Highlights:
- UBS upgrades Diageo to 'buy' with growth prospects in Tequila and whisky brands leading the charge.
- US spirits sector expected to rebound to 3% annual growth, with Diageo outpacing industry trends.
- Price target raised to £29.20 as earnings downgrade cycle nears its end.
Diageo PLC (LSE:DGE), the owner of global icons like Guinness and Johnnie Walker, surged to the top of the FTSE 100 on renewed optimism for a robust turnaround in 2025. UBS has issued a double upgrade, lifting its rating to 'buy' from 'sell' and raising its price target to £29.20, reflecting confidence in the company’s growth prospects.
Tequila and Whisky Leading the Charge
UBS highlighted Diageo’s tequila brand, Don Julio, and its whisky-based Crown Royal as pivotal to the recovery, particularly in the challenging US spirits market. While 2025 is projected to witness a general volume decline, Diageo's portfolio is expected to buck the trend. UBS forecasts a US 'sell-out' growth of 3.6% for Diageo in the first half of 2025, substantially outperforming an industry average of minus 1%.
US Spirits Market Outlook
The US spirits sector, a key market for Diageo, has faced headwinds recently, with volumes under pressure. However, UBS anticipates a cyclical rebound, with the sector expected to achieve annual growth of around 3% in the coming years. While this is below historical levels, it remains superior to most other consumer product categories, giving Diageo a competitive edge.
End of Earnings Downgrade Cycle
UBS emphasized that Diageo appears to be nearing the end of its earnings downgrade cycle, having experienced a 31% reduction in earnings per share forecasts over the last two years.
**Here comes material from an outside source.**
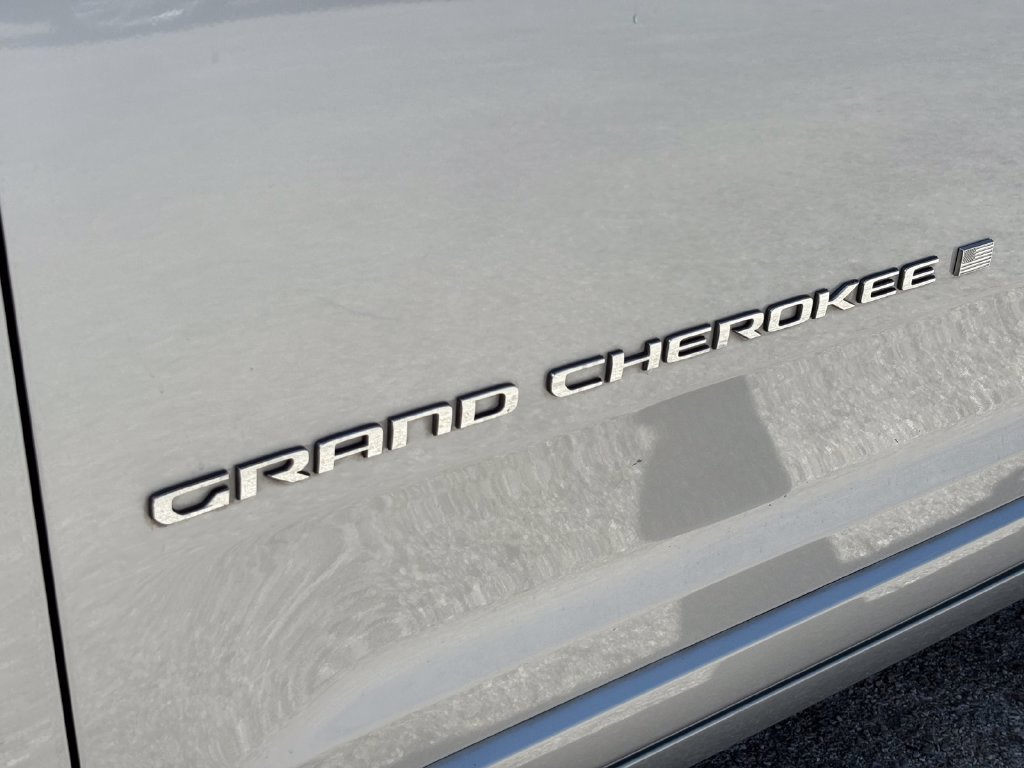 Used 2023 Jeep Grand Cherokee L Overland w/ Luxury Tech Group IV AWD/4WD image 11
This stability, coupled with strong brand performance, positions the company well for a sustained recovery.
Market Reaction
Shares in Diageo rose by 3.5% to 2,577p following the UBS announcement, reflecting renewed investor confidence. The brokerage’s updated price target of £29.20 signals significant potential upside as the company pivots towards growth.
Looking Ahead
Diageo’s diversified portfolio, which includes premium brands with strong consumer loyalty, is set to capitalize on a recovering market environment. With strategic focus on high-growth categories like tequila and whisky, the company aims to leverage its strengths for a stronger performance in 2025 and beyond. Further updates on market dynamics and brand performance will be key in shaping the company’s trajectory as it navigates the next phase of its recovery.